Data Standards Component
A data standards component is a discrete unit or subsection of a complete data standards package. This may be a particular anatomical piece of a specific data standards package or it may be defined separately and autonomously to be incorporated into a wide variety of different data standard packages. Common data standards components (ordered by most primitive to most complex) are listed below:
- Data Type - A primitive data type is one of the most fundamental principles for defining what type of information a piece of data is. Common data types are: boolean, integer, string, and date.
- Identifiers - Identifiers provide a shorthand way to reference a unit of data or a specific entry in a codelist or classification scheme. Typically identifiers are intended to be unique within a local or global context (UIDs, and UUIDs). This can include both UUIDs intended to serve as their own widely used standards as well as commonly used code lists and classification schemes. For example, “
US
” is the ISO 3166-1 alpha-2 code for the United States of America while515112
is the North American Industry Classification System (NAICS) code for FM radio stations. - Vocabulary - A vocabulary establishes standardized terms with consistent semantic definitions. These are typically constrained to a particular namespace or domain.
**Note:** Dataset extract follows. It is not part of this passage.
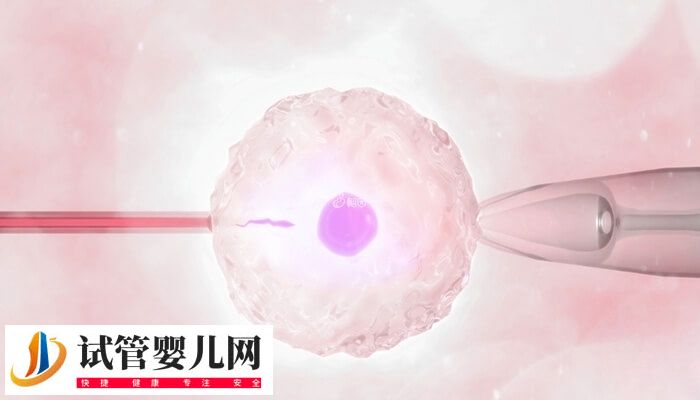 amh值0.47做试管有没有希望(图1)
The terms are the machine readable labels for individual data elements or a group of data elements. They can be thought of as the column headings in a spreadsheet of tabular data along with their definitions in a data dictionary. For example, the Dublin Core Metadata Initiative establishes a term and definition for a variety of common metadata elements like “publisher.”
- Schema - A schema can be a data model or database schema defining relationships between different pieces of information. Schemas can be described using SQL, UML, XSD, or JSON Schema.
- Format - The format or “serialization format” is the syntax, encoding, and file format or media type for storing or transmitting your data. On the web, formats are associated with standardized media type identifiers, like
application/json
. Common data formats include JSON, CSV, and XML. - API - An application programming interface (API) is a predefined protocol for reading and/or writing data using a filesystem, a database, or across a network. Common types of data APIs include OBDC and SQL for databases and REST APIs for the web.
Data Standards Package
A data standards package is a specification that articulates the implementation of most of the different components of a full data standard anatomy. Sometimes this is referred to as an Application Profile, but different frameworks and communities have different names for their particular assemblage of components. For example, in the context of NIEM, this is referred to as Information Exchange Package Documentation (IEPD).
Data Standards Framework
A data standards framework is a flexible or comprehensive system of reusable data standards components. Data standards frameworks are intended to allow components to be mixed and matched to serve a wide range of use cases and could be assembled to generate a dynamic or near infinite set of data standards packages. Examples of data standards frameworks include the National Information Exchange Model (NIEM), the Dublin Core Metadata Initiative (DCMI), and Schema.org.